We heard loud and clear from the community the need to provide better visibility into the health of their infrastructure and networks. With SNMP and NetFlow support, we can now provide better visibility into your network and compute infrastructure.
The goal behind both plugins is to provide better performance and network fault detection information, resulting in higher quality and faster root cause analysis.
I’m going cover both plugins in detail, starting with the SNMP plugin, and will cover how you can use them separately or together.
SNMP Input Plugin
So what can I do with the SNMP input plugin?
For folks who aren’t well versed in SNMP traps or why you should care, here is a basic overview of the SNMP protocol and specifically, SNMP traps.
SNMP is regarded as the standard protocol for network infrastructure monitoring. It’s been around for a long time and it isn’t going away anytime soon.
Our new SNMP plugin is passive and only receives SNMP traps. SNMP traps are sent from an SNMP agent, which can run on pretty much any device, from switches, routers, printers to even a Raspberry Pi. SNMP agents are frequently deployed on Linux, Unix and even Windows servers but are most often seen on networking and peripheral devices like printers.
Depending on the SNMP agent, there may be many different trap message types that can be sent but in general they can be categorized into two basic use cases.
SNMP agents may be configured to send traps based on certain conditions, like exceeding a performance threshold or a less critical condition like nearing a capacity threshold i.e. running low on disk space. Metrics can be extracted from these types of trap messages for further analysis. Metrics may include trap severity (critical through to debug), metric values such as CPU % or even counters such as 1000 messages seen over the last hour.
Graylog can parse and analyze received trap metrics and even do basic alerting on a pre-defined threshold. Also, Graylog can forward those traps to other monitoring systems as well.

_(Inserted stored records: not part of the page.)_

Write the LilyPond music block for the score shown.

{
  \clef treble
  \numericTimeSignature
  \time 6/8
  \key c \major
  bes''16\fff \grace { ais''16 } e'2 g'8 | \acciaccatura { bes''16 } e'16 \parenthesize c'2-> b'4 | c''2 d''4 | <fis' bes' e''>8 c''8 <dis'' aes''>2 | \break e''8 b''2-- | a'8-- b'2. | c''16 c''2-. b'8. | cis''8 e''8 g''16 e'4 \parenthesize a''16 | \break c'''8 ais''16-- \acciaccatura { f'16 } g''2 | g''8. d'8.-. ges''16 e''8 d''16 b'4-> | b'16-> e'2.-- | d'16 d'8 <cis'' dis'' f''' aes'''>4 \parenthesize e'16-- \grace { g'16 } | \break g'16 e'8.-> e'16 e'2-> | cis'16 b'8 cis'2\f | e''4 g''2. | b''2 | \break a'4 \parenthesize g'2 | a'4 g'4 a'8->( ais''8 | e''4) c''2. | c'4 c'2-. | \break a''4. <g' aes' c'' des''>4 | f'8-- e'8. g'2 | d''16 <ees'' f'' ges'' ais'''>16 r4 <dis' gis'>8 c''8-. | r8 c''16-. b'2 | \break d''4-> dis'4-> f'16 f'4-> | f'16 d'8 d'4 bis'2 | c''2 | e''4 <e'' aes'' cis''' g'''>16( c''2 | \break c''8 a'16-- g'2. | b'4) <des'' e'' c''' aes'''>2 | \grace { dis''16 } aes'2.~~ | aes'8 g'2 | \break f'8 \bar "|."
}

Most monitoring tools can’t handle high trap volume. For example, firewalls are notorious for generating high trap volumes due to DoS attacks or misconfiguration. Using Graylog as a buffering layer is a good idea to alleviate the burden on your monitoring tools while being able to filter out noise as well. This ensures you don’t miss anything important.
Passive fault detection
SNMP agents can be configured to send traps based on a failure/error/warning condition. These types of traps are generally explicit in nature and may not contain metric values i.e. “Network Interface is down on Port 1”, which may be a critical error or if the port has been set to maintenance mode may only be informational.
If you want to be even more proactive, then you will need a polling agent and other methods such as ICMP to figure out if there is a problem or not.
Can Graylog consume any kind of SNMP trap?
Yes, we can receive SNMP traps from any SNMP device. The caveat is you will need an appropriate MIB file to decode the long OID (object identifier number) into something human readable and searchable.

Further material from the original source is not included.